Using a physical simulator for sampled rollouts in stochastic optimal control

Carius J, Ranftl R, Farshidian F, Hutter M. Constrained stochastic optimal control with learned importance sampling: A path integral approach, The International Journal of Robotics Research. 2022;41(2):189-209, DOI: 10.1177/02783649211047890.

Modern robotic systems are expected to operate robustly in partially unknown environments. This article proposes an algorithm capable of controlling a wide range of high-dimensional robotic systems in such challenging scenarios. Our method is based on the path integral formulation of stochastic optimal control, which we extend with constraint-handling capabilities. Under our control law, the optimal input is inferred from a set of stochastic rollouts of the system dynamics. These rollouts are simulated by a physics engine, placing minimal restrictions on the types of systems and environments that can be modeled.

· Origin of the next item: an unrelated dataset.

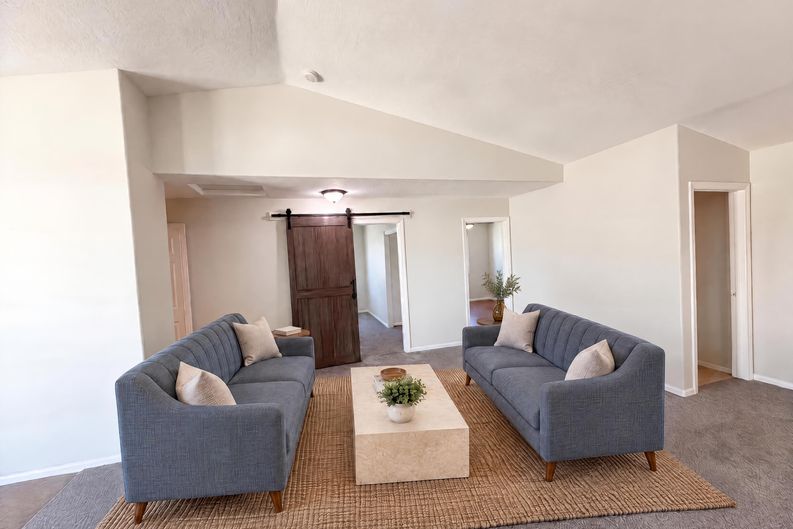 Photo 9 of 28 of 13185 Great Falls Ave, Victorville, CA
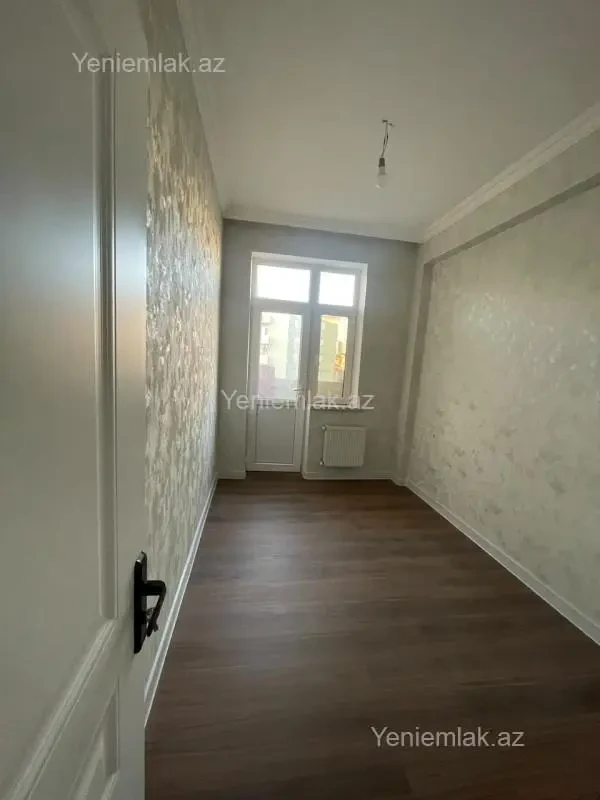 Satılır 3 otaqlı yeni tikili 65 m²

Although sampling-based algorithms are typically not suitable for online control, we demonstrate in this work how importance sampling and constraints can be used to effectively curb the sampling complexity and enable real-time control applications. Furthermore, the path integral framework provides a natural way of incorporating existing control architectures as ancillary controllers for shaping the sampling distribution. Our results reveal that even in cases where the ancillary controller would fail, our stochastic control algorithm provides an additional safety and robustness layer. Moreover, in the absence of an existing ancillary controller, our method can be used to train a parametrized importance sampling policy using data from the stochastic rollouts. The algorithm may thereby bootstrap itself by learning an importance sampling policy offline and then refining it to unseen environments during online control. We validate our results on three robotic systems, including hardware experiments on a quadrupedal robot.